Efficacy and safety of oocyte cryopreservation and storage

The cryopreservation of unfertilized oocytes has long been a routine procedure, e.g., to preserve fertility in advance of oncological treatment or, in other countries, in oocyte donation programs. The efficacy of cryopreservation for medical and non-medical indications is comparable (15). The fact that the relevant professional associations in the USA published a guideline on cryopreservation of mature oocytes in 2013 can be interpreted as an expression of general acceptance. The authors of this document state that cryopreservation of unfertilized oocytes should no longer be deemed experimental; in contrast, it can now be considered routine, because there is no evidence of higher rates of chromosomal aberrations, malformations, or developmental deficits (16). The equivalent European society also has no reservations regarding cryopreservation of oocytes for non-medical indications, but recommends exhaustive counseling (17).

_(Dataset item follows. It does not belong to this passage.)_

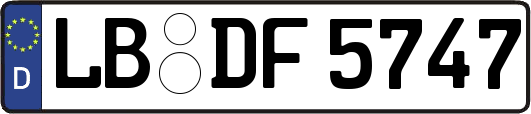 LB-DF5747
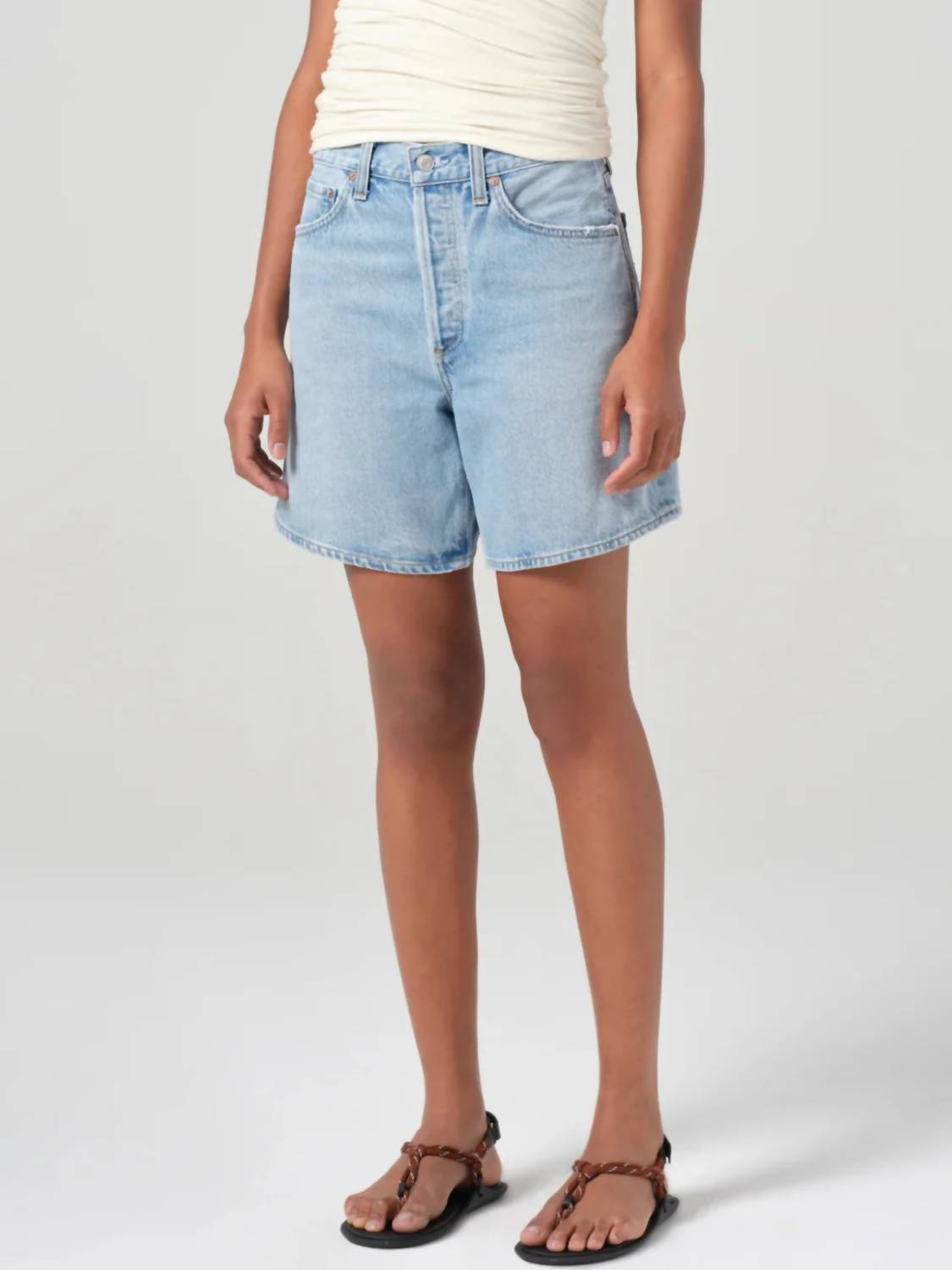 Agolde - Dame Short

The country with the most extensive experience of the freezing of unfertilized oocytes is Italy, where, until 2009, the law governing IVF programs stipulated that only oocytes destined for transfer could be fertilized. All excess cells had to be cryopreserved unfertilized on the day of collection (18) (Table 3).

Table 3. Results of cryopreservation of unfertilized oocytes*.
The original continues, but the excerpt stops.